Ruggeri Prosecco

Prosecco is one of the most popular Italian wines of the current period, especially internationally where it is seen as a celebratory drink that is used for practically all occasions. However, this does not mean that it doesn’t enjoy its share of popularity in its native Italy as the wine generally sells many thousands of bottles a week to people who like to enjoy it as an accompaniment to lighter meals or as just a refreshing drink that can be shared with family and friends.

For those who have never come across the drink before, prosecco is a sparkling Italian white wine that generally has something of a dry texture to it. It is made using the Glera grape, which was fairly recently named after having been called the Prosecco grape for many years. However, like with many great wines, a number of other grapes are blended with the Glera by various wineries to create their own distinctive versions of prosecco.

The wine is regulated by the DOC, which allows for production in the regions of Veneto and Friuli Venezia Giulia. This is due to the fact that it originated in the village of Prosecco in Trieste, however in recent years the areas of Conegliano and Valdobbiadene have become the primary areas for its production.

There are many winemakers in the region who make their own version of prosecco but most pale in comparison to the Ruggeri Prosecco. Here we take a look at this fairly recent addition to the pantheon of great Italian winemakers and examine what it is that makes their particular prosecco such a sought after drink.

The Bisol Family

Despite the fact that the Ruggeri winery is a fairly recent addition to the makeup of the Valdobbiadene area, its founder, Giustino Bisol, is part of a family that has deep-seated roots in winemaking at viticulture in the region. Established in 1950, the Ruggeri winery quickly gained a reputation for creating high quality wines, which is perhaps unsurprising seeing as the Bisol family have been present in the region for many centuries and know the traditions like the back of their hands. In fact, Case Bisoi, which literally translates to ‘the Houses of the Bisol’, is believed to be one of the oldest areas in the region and the family is documented to have been taking part in winemaking for many centuries before the Ruggeri winery opened.

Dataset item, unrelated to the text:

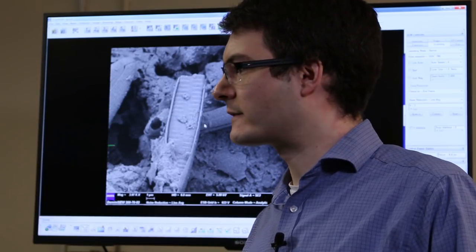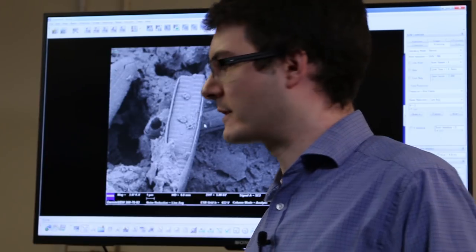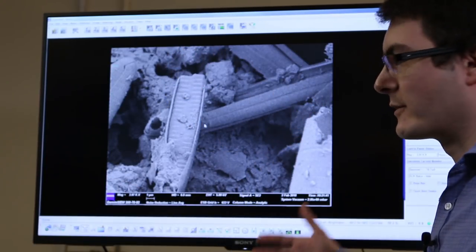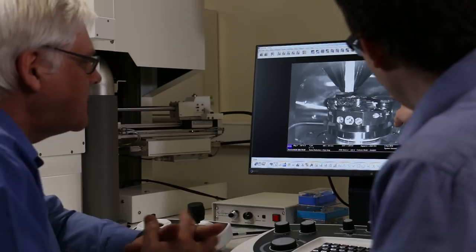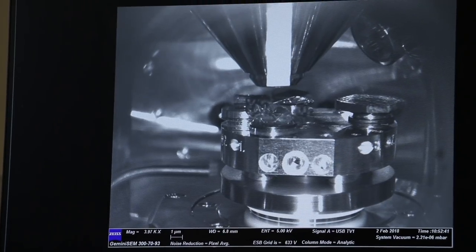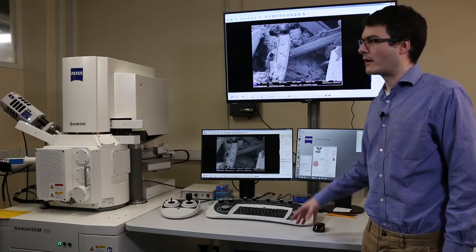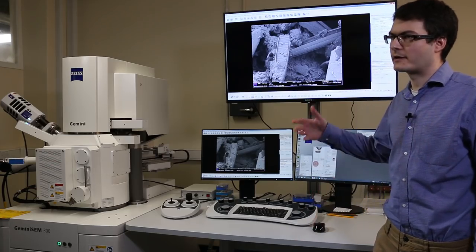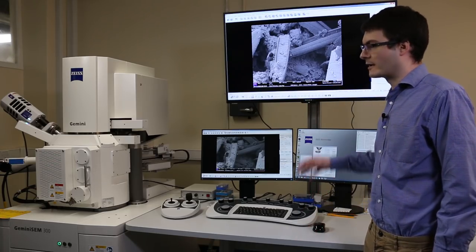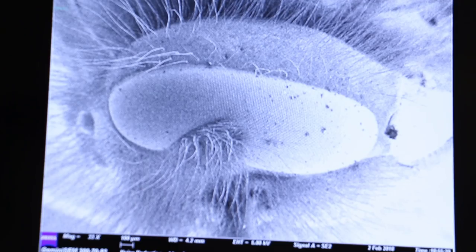One of the great things about this new facility is that because everything is digital these days, we can project the images from these screens up into the lecture theatres — in Meston 1 or Fraser Noble, wherever it is around the university — and I can teach a class of 200 people how to use an electron microscope as if they were down here one to one.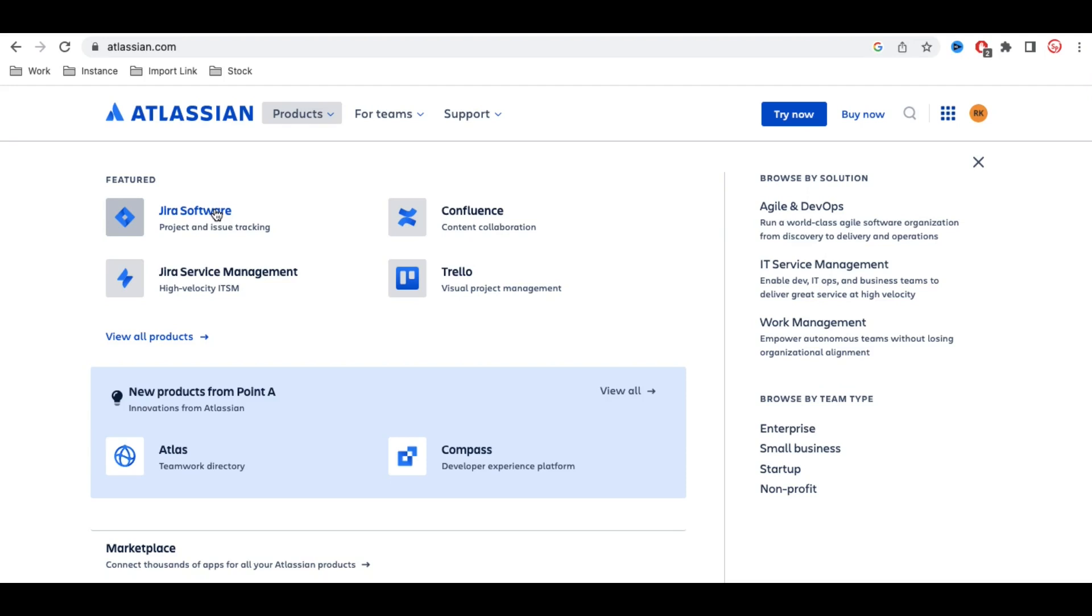Under this software, you want to keep tracking who is working on which story, what state the story is in, what the issues are, and what defects exist. If you want to track that, you can use Jira Software.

In fact, Giustino is not the first of the Bisol family to have opened a winery. His father Luigi founded a winery in Montebelluna 30 years before the inception of the Ruggeri winery, with older relatives also demonstrating evidence of being part of the industry. This all means that the Ruggeri winery is surprisingly prestigious despite its fairly young age.

In recent years the winery is run by Paolo Bisol, who is also assisted by his children. It continues to dedicate itself to the production of great prosecco but also makes a wide variety of other wines that are certainly worth sampling.

The Ruggeri Winery

Established in 1950 in a fairly small premises, the Ruggeri winery quickly expanded as its products attained a higher level of popularity in the region and internationally. Originally located in the village of Santo Stefano di Valdobbiaden, it temporarily moved to a new premises in the 1990s that was in the center of the village. Since then it has relocated again to an established site that allows the company to operate at the level that is required to meet demand. To put this into context, the new winery has the capacity to receive up to 3,000 tons of grapes every harvest.

They currently receive grapes from more than a hundred growers in the region, most of whom are located in Valdobbiadene. The company also owns a number of small vineyards themselves, including locations in Cartizze and Montello, which are used to cultivate Pinot Grigio and the Glera that is so famously used in the Ruggeri Prosecco. They are also working on the continued cultivation of the Recantina grape, which is an ancient red grape variant that has only recently been brought back into semi-regular use.

Coming back to the winery’s ability to receive the enormous amount of grapes that come through it every harvest, it has two independent lines to receive the grapes, making the process more efficient, in addition to five soft presses that allows them to separate the various harvests properly.

As mentioned, the drinks produced by the winery are amongst the most popular in Italy and they currently generate around one million bottles every single year. Their statistics indicate that 60% are sold domestically, while the other 40% is sold internationally.

The Ruggeri Prosecco

The Ruggeri Prosecco is made primarily using the Glera grape, which is a delicate grape to reflect the quality of the wine it produces. The harvest is carried out during the second half of September, which is when the winery goes into overdrive in terms of its prosecco production. Also harvested alongside the Glera are the Verdiso and Perera grapes, which are also important components to the Ruggeri Prosecco.

The drink itself is a gorgeously crisp Italian sparkling white and can really be drunk with practically anything. However, it is perhaps best enjoyed alongside lighter foods, such as cheese, or as a celebratory drink to be consumed amongst friends. Furthermore, it can also make a great refresher on a busy day and is perfect if you just want to kick back and enjoy a glass of wine after a busy day.

The company offers a number of different prosecco variants, all of which are worth sampling. Of special note is the wine that is dedicated to the winery’s founder Giustino. Produced after the undertaking of extensive research, the wine is perhaps amongst the best that has ever been produced by the Ruggeri winery and you can truly taste the passion and dedication that has gone into its creation. However, regardless of what wine you choose, you can practically guarantee that the Ruggeri winery will provide you with a quality product.